Ruling Disciplinary Committee | DSI 2016-03
Suspension for serious violation of Code of Conduct
DSI Disciplinary Committee ruling 2016-03 dated December 7, 2016
On December 7, 2016, the DSI Disciplinary Committee ruled on a case against an asset manager. The complaint concerned the insufficient conduct of investigations into India 2 B.V., the failure to inform investors in a timely manner about risks and suspicions of irregularities, and the failure to immediately inform the new employer about the matter after commencing employment.
Disciplinary Committee ruling
The Disciplinary Committee found that the Respondent did not perform sufficient due diligence and did not adequately inform investors about the risks of the investment in India 2 B.V. It was also found that the Respondent intervened too late when there were signs of irregularities and did not immediately inform the new employer. All this was in violation of the requirements of expertise, professionalism and integrity from the Code of Conduct. The committee deemed the complaint founded and imposed a six-month suspension.
Articles DSI Code of Conduct applicable: 7.1.1, 7.1.2, 7.2.1 and 7.2.3
The Disciplinary Committee imposed a six-month suspension. No fine or court costs order was imposed.

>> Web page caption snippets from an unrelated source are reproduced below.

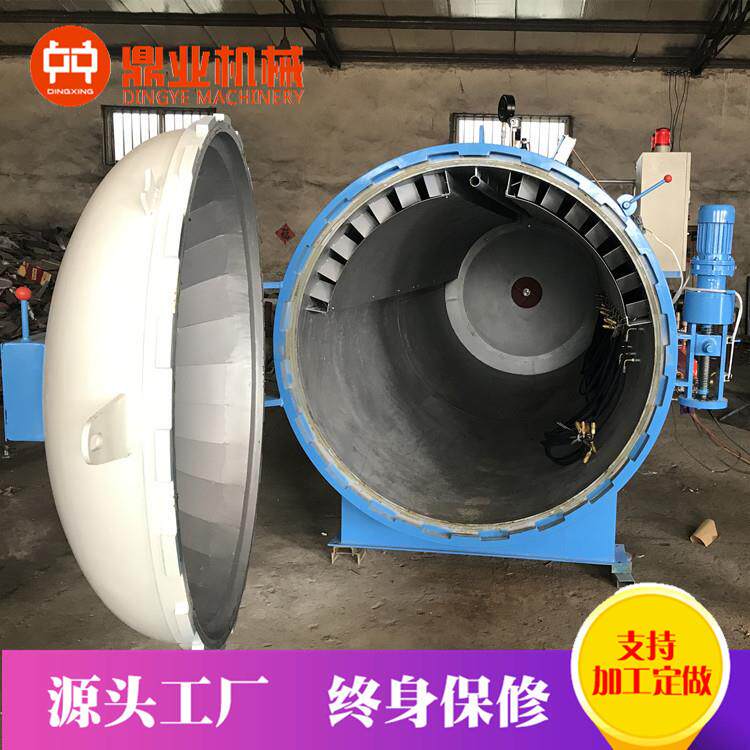 6条轮胎硫化罐质量好价格低轮胎翻新硫化罐6条轮胎硫化罐
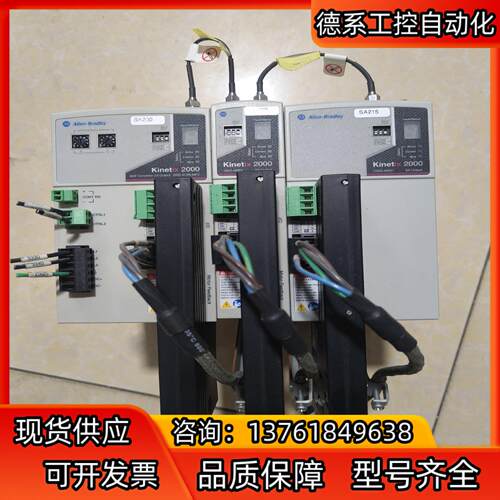 AB罗克韦尔伺服驱动器2903-AM01图片实物议价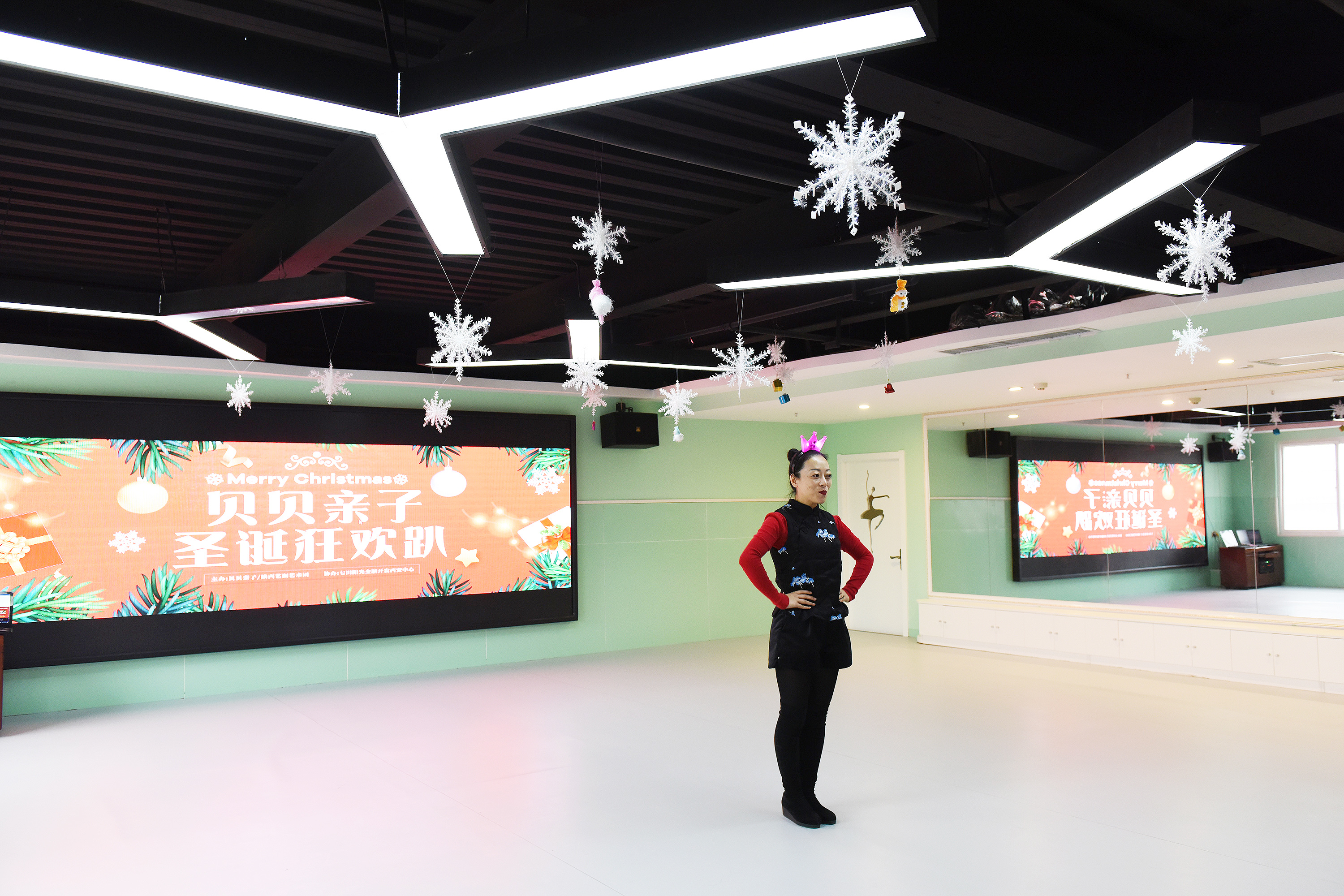 丰富多彩别开生面喜迎圣诞——贝贝亲子四周年粉丝节庆典活动记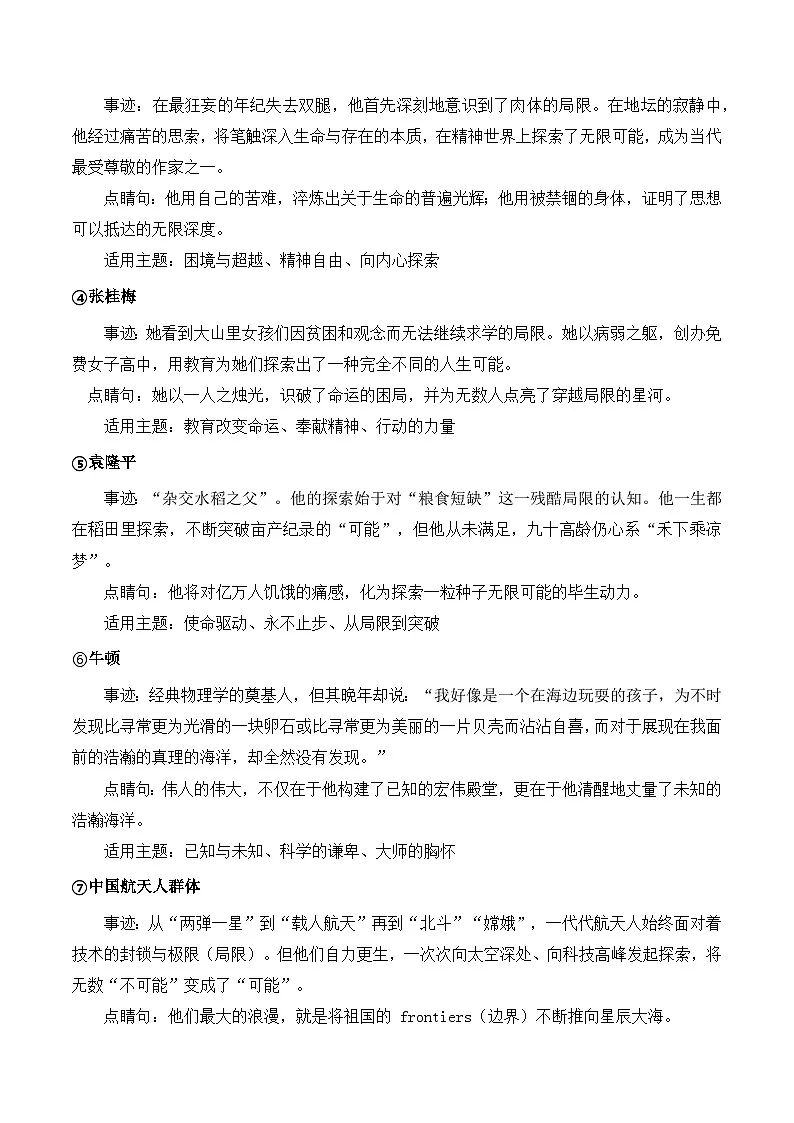 2026届高三最新名校模考作文题导写“浙江、河南、湖北”三省模考题分析、素材、范文-2026年高考语文作文热点新闻素材讲练(全国通用)第3页
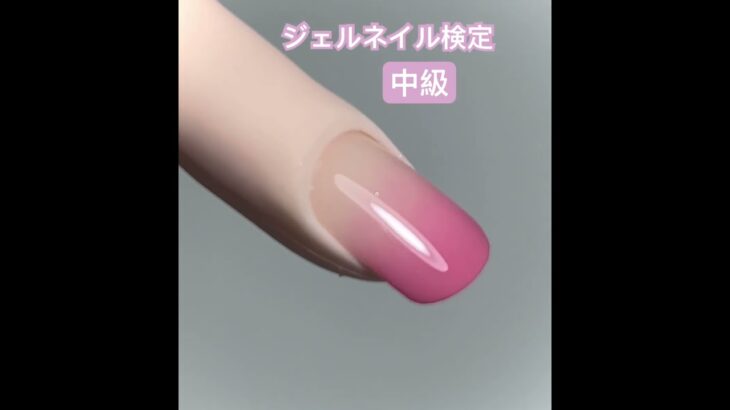 #ジェルネイル検定  #ジェル #ジェル検定  #ジェル中級 #中級 #ネイル #ネイリスト #ジェルネイル #ジェルグラデーション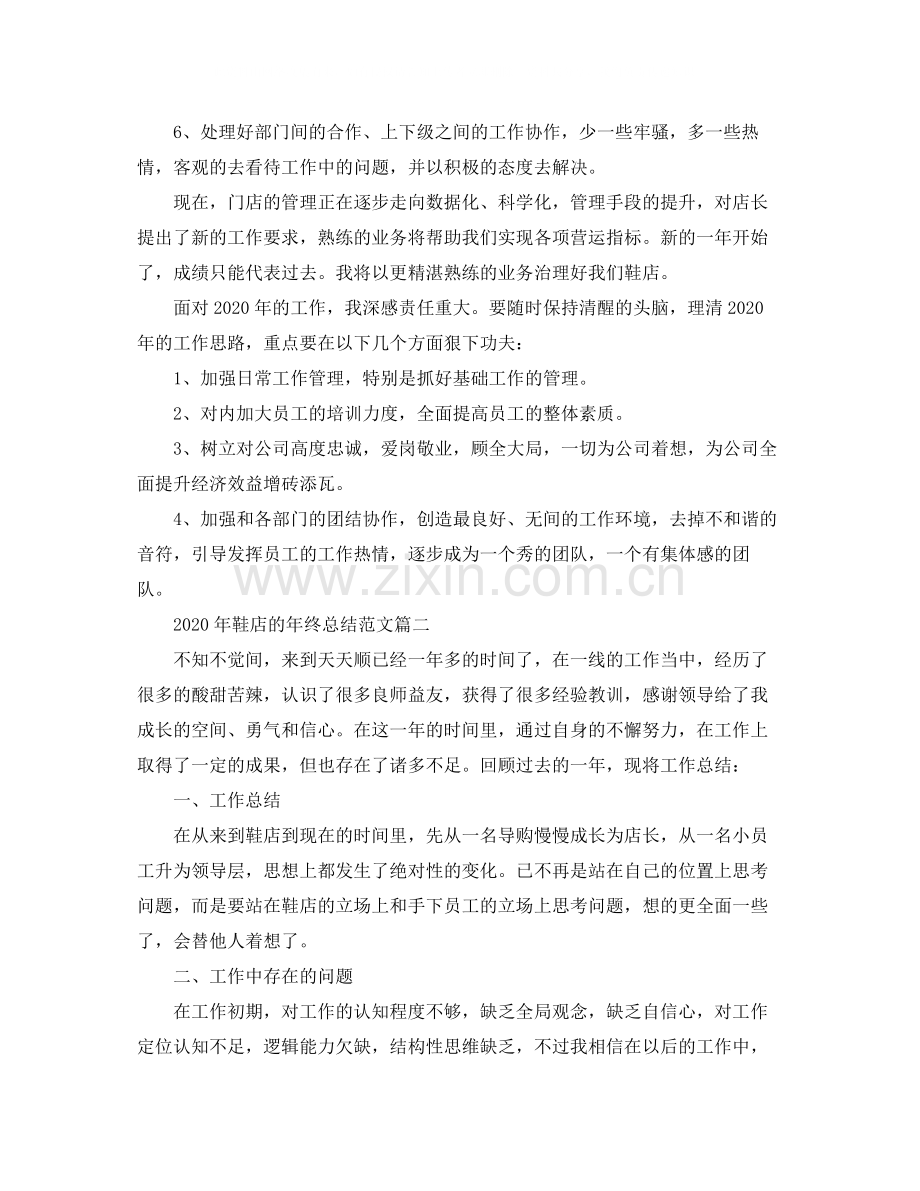 2020年鞋店的年终总结范文.docx_第2页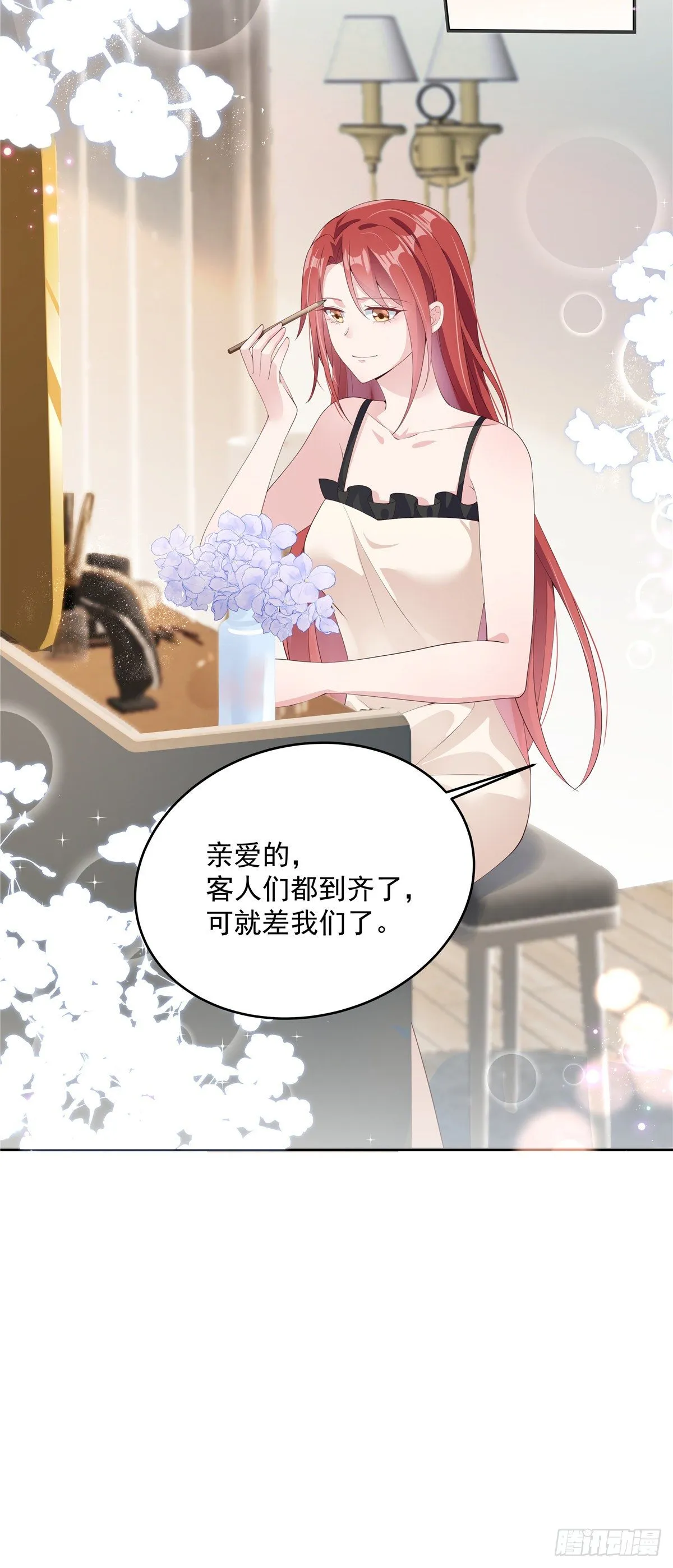 第1话 结婚三年却是背叛三年 第5页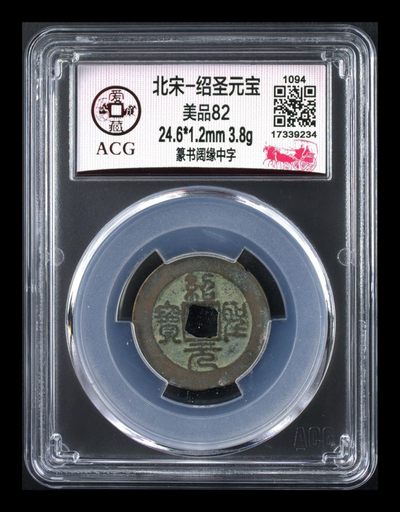 周三放漏专场 - 爱藏评级—北宋—绍圣元宝—篆书阔缘中字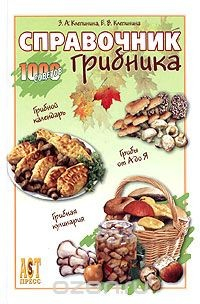 Книга Справочник грибника на ReadRate.com книга Справочник грибника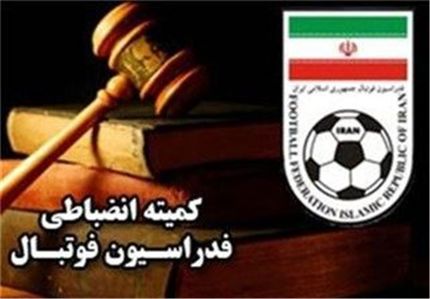 تاج برای کمیته انضباطی فدراسیون فوتبال سرپرست تعیین کرد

Linkage to DSI Core Principles.
- Core principle 9: Show expertise:
The defendant should have done more thorough research on the investment proposition and the parties involved so that investors could make a responsible decision. - Core principle 2: Focus on customer interests:
The customer’s interest should have been the focus, including providing timely and adequate information about risks and suspicions of irregularities.